Defendants are advised to read the statement set forth at the foot of the waiver form that more completely describes the duties of the parties with regard to waiver of service of the summons. If service is waived after the date provided in the Notice but before Defendants have been personally served, the answer shall be due sixty days from the date on which the request for waiver was sent or twenty days from the date the waiver form is filed, whichever is later.

4. Defendants shall answer the complaint in accordance with the Federal Rules of Civil Procedure. The following briefing schedule shall govern dispositive motions in this action:

a. No later than thirty days from the date the answer is due, Defendants shall file a motion for summary judgment or other dispositive motion and opposition to Plaintiff's motion for a preliminary injunction. If Defendants file a motion for summary judgment, it shall be supported by adequate factual documentation and shall conform in all respects to Federal Rule of Civil Procedure 56. If Defendants are of the opinion that this case cannot be resolved by summary judgment, they shall so inform the Court prior to the date the summary judgment motion is due. All papers filed with the Court shall be promptly served on Plaintiff.

At the time of filing the motion for summary judgment or other dispositive motion, Defendants shall comply with the Ninth Circuit's decisions in Woods v. Carey , 684 F.3d 934 (9th Cir. 2012), and Stratton v. Buck , 697 F.3d 1004 (9th Cir. 2012), and provide Plaintiff with notice of what is required of him to oppose a summary judgment motion or a motion to dismiss.
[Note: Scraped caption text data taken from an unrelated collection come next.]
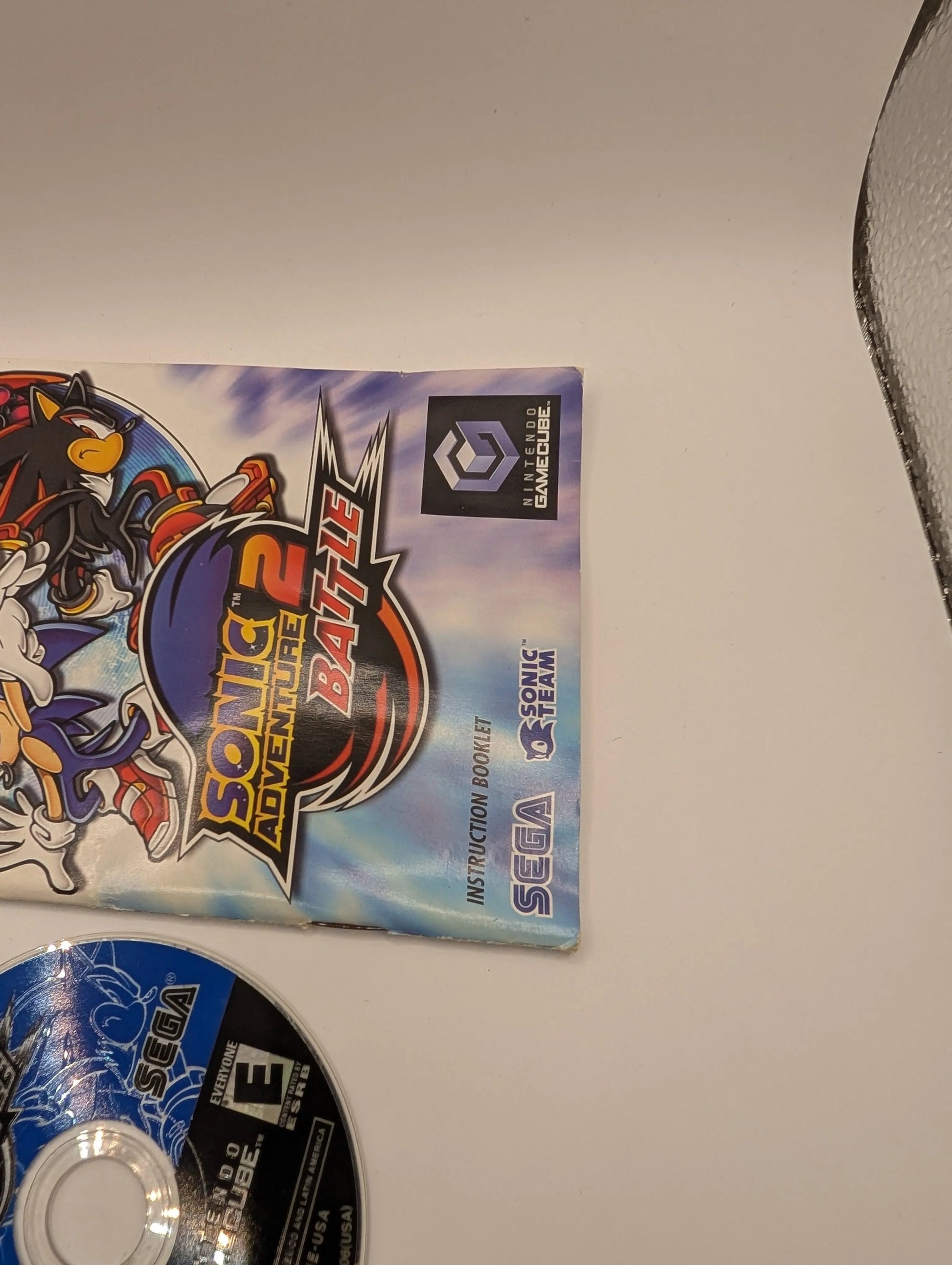 Sonic Adventure 2: Battle (GameCube Game PAL)  VGC - Disc, Manual, Case Vintage FRENLY BRICKS - Open 7 Days
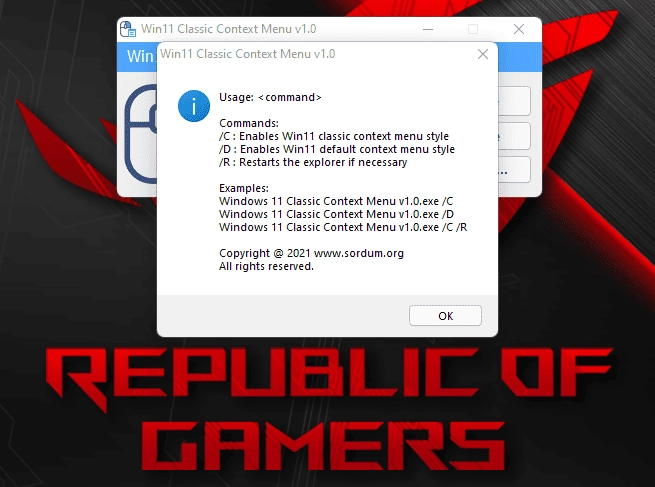 Как пользоваться Windows 11 Classic Context Menu v1.2 Portable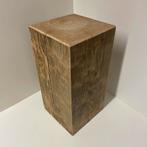 Handgemaakte winddroog eiken sokkels / zuilen – 20x20 cm, Verzenden, Nieuw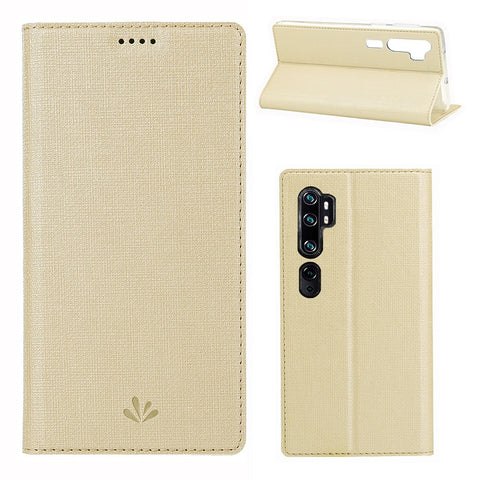 VILI DMX Cross Texture Stand Leather Card Holder Case for Xiaomi Mi CC9 Pro / Note 10 / Note 10 Pro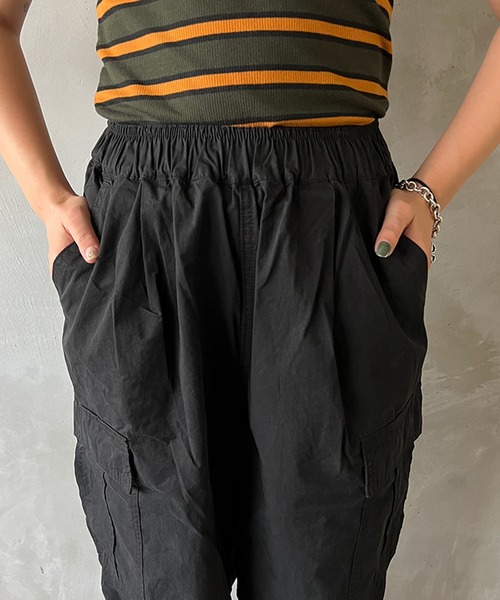kutir（クティール）の「カーゴスノーパンツ（カーゴパンツ・レディース・ブラック/オフホワイト/カーキ/オレンジ・LARGE/MEDIUM）」の21枚目の写真
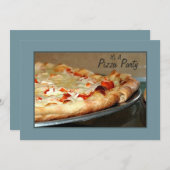 Pizza-Party Einladung (Vorne/Hinten)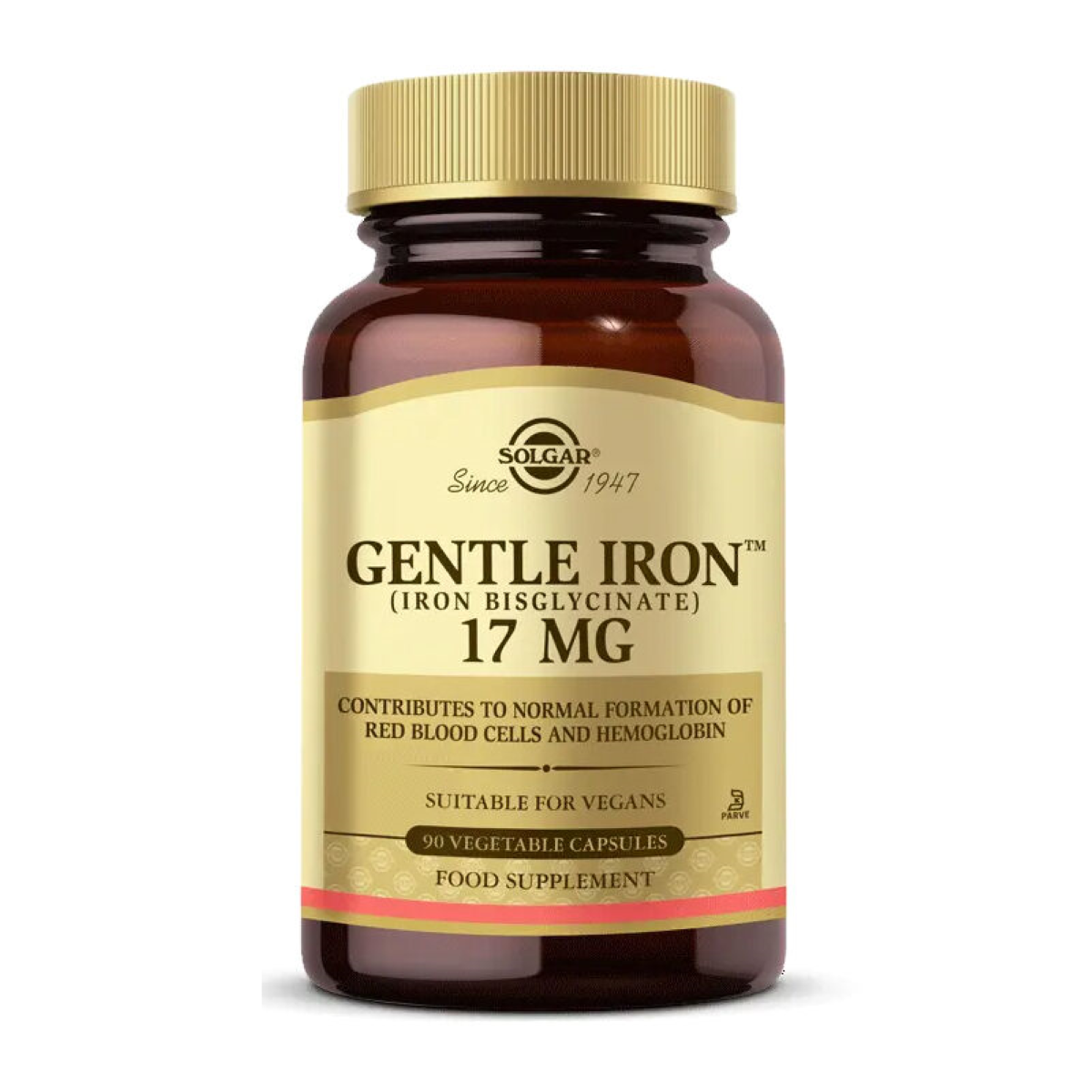 SOLGAR GENTLE IRON KAPSUL 17 mg 90 kapsül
b. Plaintiff's opposition to the motion for summary judgment or other dispositive motion shall be filed with the Court and served on Defendants no later than twenty-eight days after the date on which Defendants' motion is filed.

Before filing his opposition, Plaintiff is advised to read the notice that will be provided to him by Defendants when the motion is filed, and Rule 56 of the Federal Rules of Civil Procedure and Celotex Corp. v. Catrett , 477 U.S. 317 (1986) (party opposing summary judgment must come forward with evidence showing triable issues of material fact on every essential element of his claim). Plaintiff is cautioned that because he bears the burden of proving his allegations in this case, he must be prepared to produce evidence in support of those allegations when he files his opposition to Defendants' summary judgment motion. Such evidence may include sworn declarations from himself and other witnesses to the incident, and copies of documents authenticated by sworn declaration. Plaintiff will not be able to avoid summary judgment simply by repeating the allegations of his complaint.

c. Defendants shall file a reply brief no later than fourteen days after the date Plaintiff's opposition is filed.

d. The motion shall be deemed submitted as of the date the reply brief is due. No hearing will be held on the motion unless the Court so orders at a later date.

5. Discovery may be taken in this action in accordance with the Federal Rules of Civil Procedure.

6. All communications by Plaintiff with the Court must be served on Defendants, or Defendants' counsel once counsel has been designated, by mailing a true copy of the document to Defendants or Defendants' counsel.

7. It is Plaintiff's responsibility to prosecute this case. Plaintiff must keep the Court informed of any change of address by filing a separate paper with the Clerk headed "Notice of Change of Address, " and must comply with the Court's orders in a timely fashion. Failure to do so may result in the dismissal of this action for failure to prosecute pursuant to Federal Rule of Civil Procedure 41(b).

8. Extensions of time are not favored, though reasonable extensions will be granted. Any motion for an extension of time must be filed no later than fourteen days prior to the deadline sought to be extended.